Goal of the exercise:
Word-for-word reproduction, images excluded: copy every entry below.

Given entries:
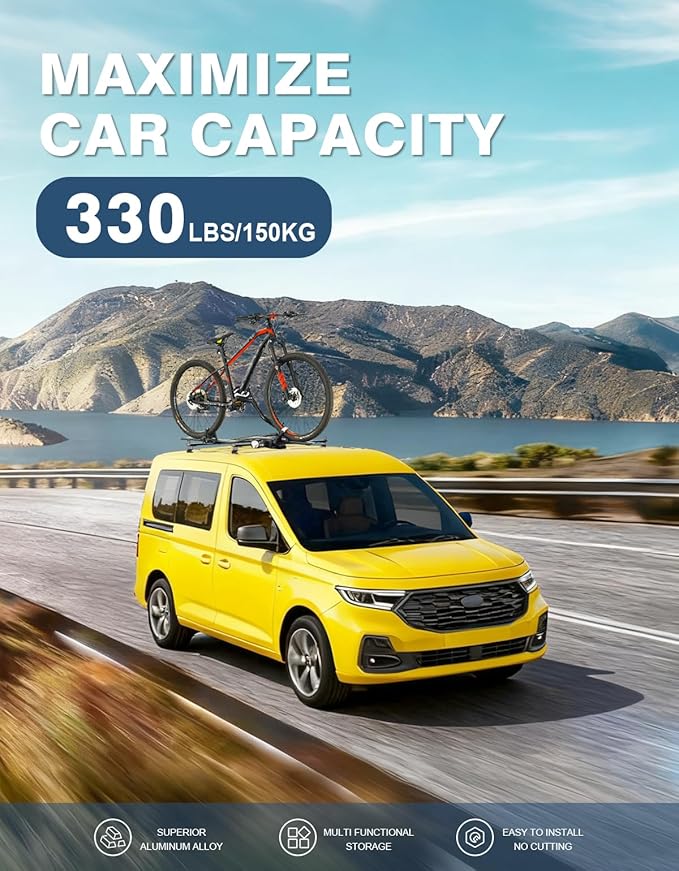 Van Ladder Roof Rack Fits for Ford Transit Connect 2014-2025 (Not for Transit), Ladder Rack for Cargo Van，Ladder Rack Ideal for Transporting Ladders Luggage Cargo Rack Crossbars Accessories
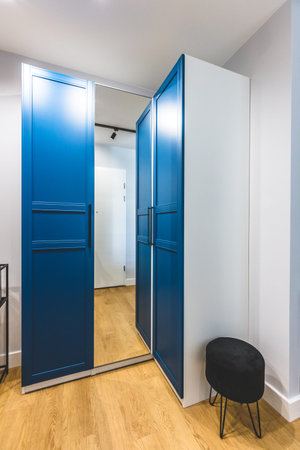 Entrance corridor in a new apartment for rent. Big mirror and closet. Interior designの写真素材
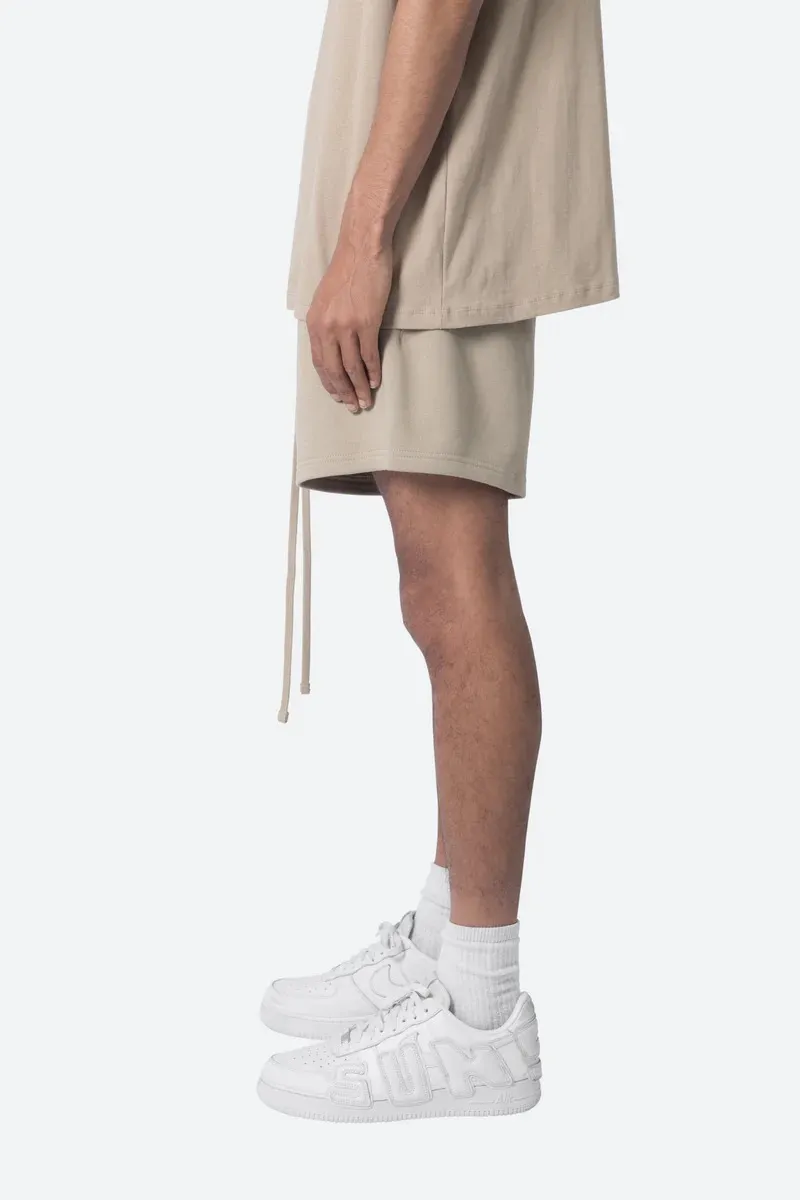 KHAKI ELASTIC WAIST CASUAL SHORTS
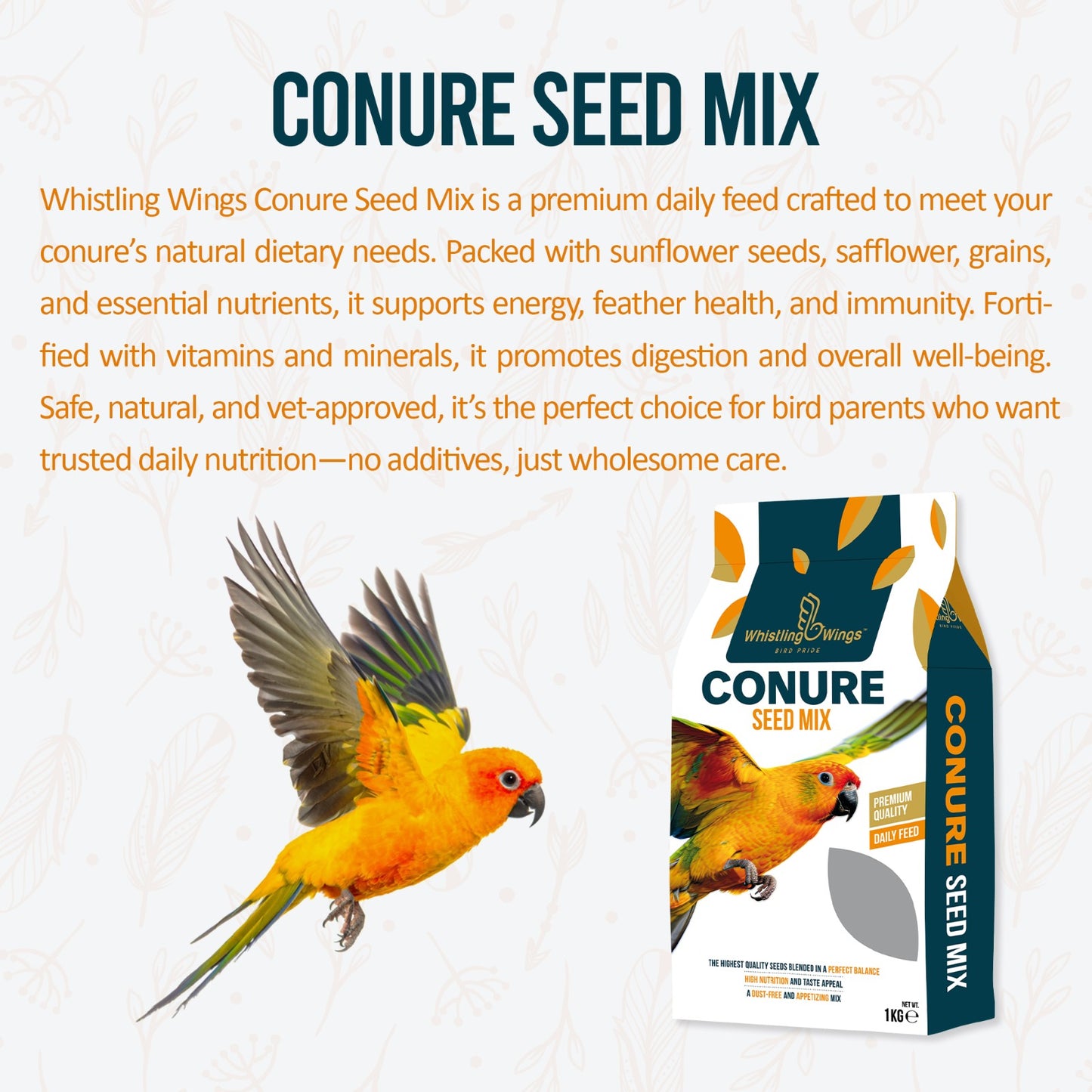 Whistling Wings Conure Seed Mix – Premium Quality Daily Feed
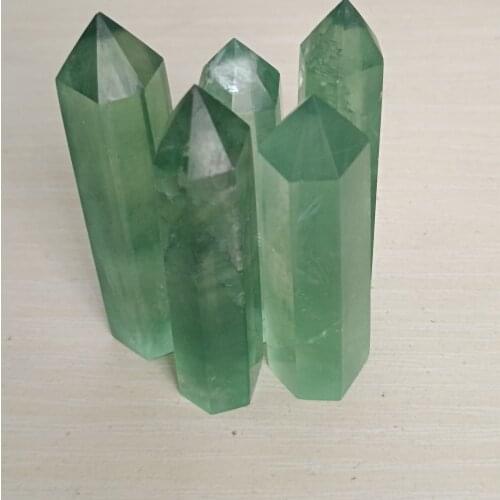 Natural Crystal Point Green Fluorite stone Healing Hexagonal Prisms Reiki Obelisk Quartz Wand Tower for Home Decoration Gif 1pc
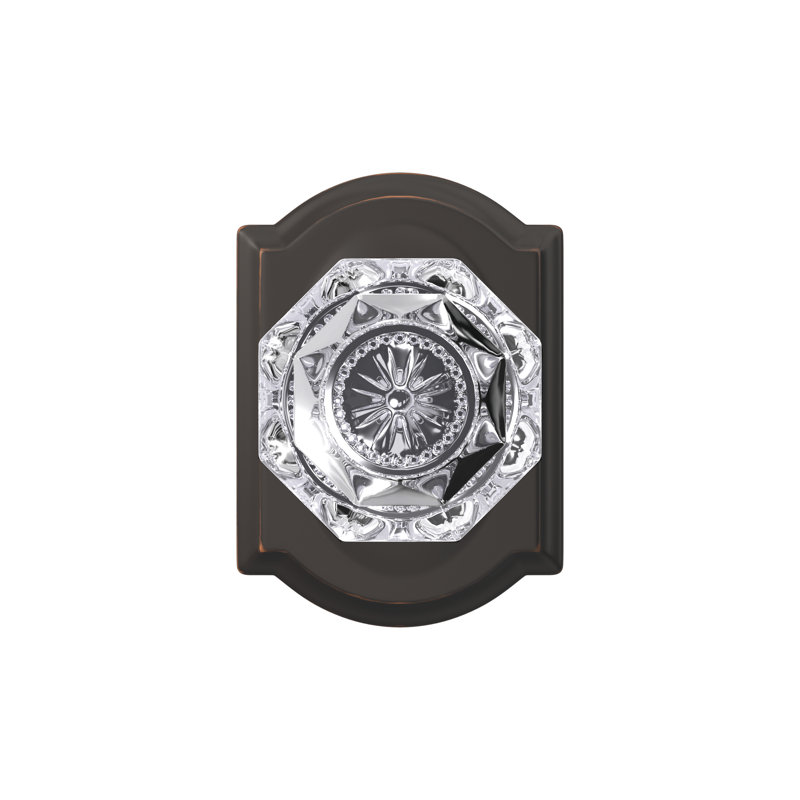 Alexandria Hall-Closet and Bed-Bath Glass Knob with Camelot Trim, Aged Bronze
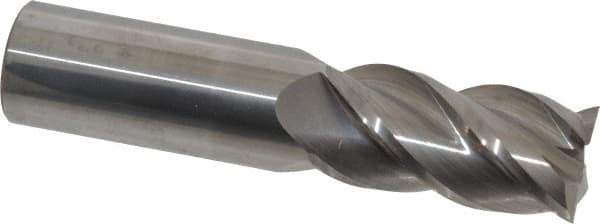 Accupro - 7/8", 1-3/4" LOC, 7/8" Shank Diam, 4" OAL, 4 Flute, Solid Carbide Square End Mill - Single End, Uncoated, Spiral Flute, 40° Helix, Centercutting, Right Hand Cut, Right Hand Flute - USA Tool & Supply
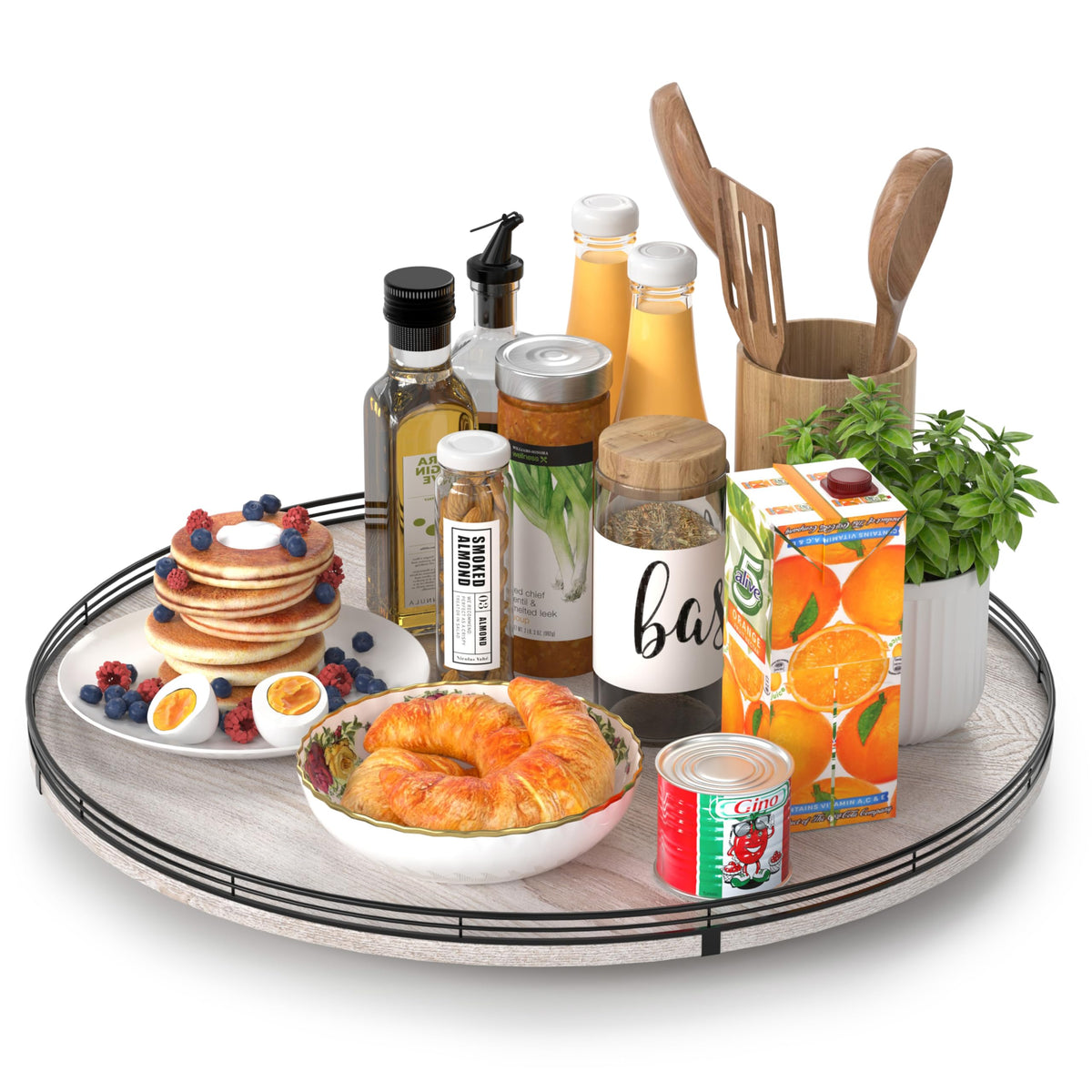 AMH Lazy Susan Wooden Organizer for Table Top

Written response:
 Van Ladder Roof Rack Fits for Ford Transit Connect 2014-2025 (Not for Transit), Ladder Rack for Cargo Van，Ladder Rack Ideal for Transporting Ladders Luggage Cargo Rack Crossbars Accessories
 Entrance corridor in a new apartment for rent. Big mirror and closet. Interior designの写真素材
 KHAKI ELASTIC WAIST CASUAL SHORTS
 Whistling Wings Conure Seed Mix – Premium Quality Daily Feed
 Natural Crystal Point Green Fluorite stone Healing Hexagonal Prisms Reiki Obelisk Quartz Wand Tower for Home Decoration Gif 1pc
 Alexandria Hall-Closet and Bed-Bath Glass Knob with Camelot Trim, Aged Bronze
 Accupro - 7/8", 1-3/4" LOC, 7/8" Shank Diam, 4" OAL, 4 Flute, Solid Carbide Square End Mill - Single End, Uncoated, Spiral Flute, 40° Helix, Centercutting, Right Hand Cut, Right Hand Flute - USA Tool & Supply
 AMH Lazy Susan Wooden Organizer for Table Top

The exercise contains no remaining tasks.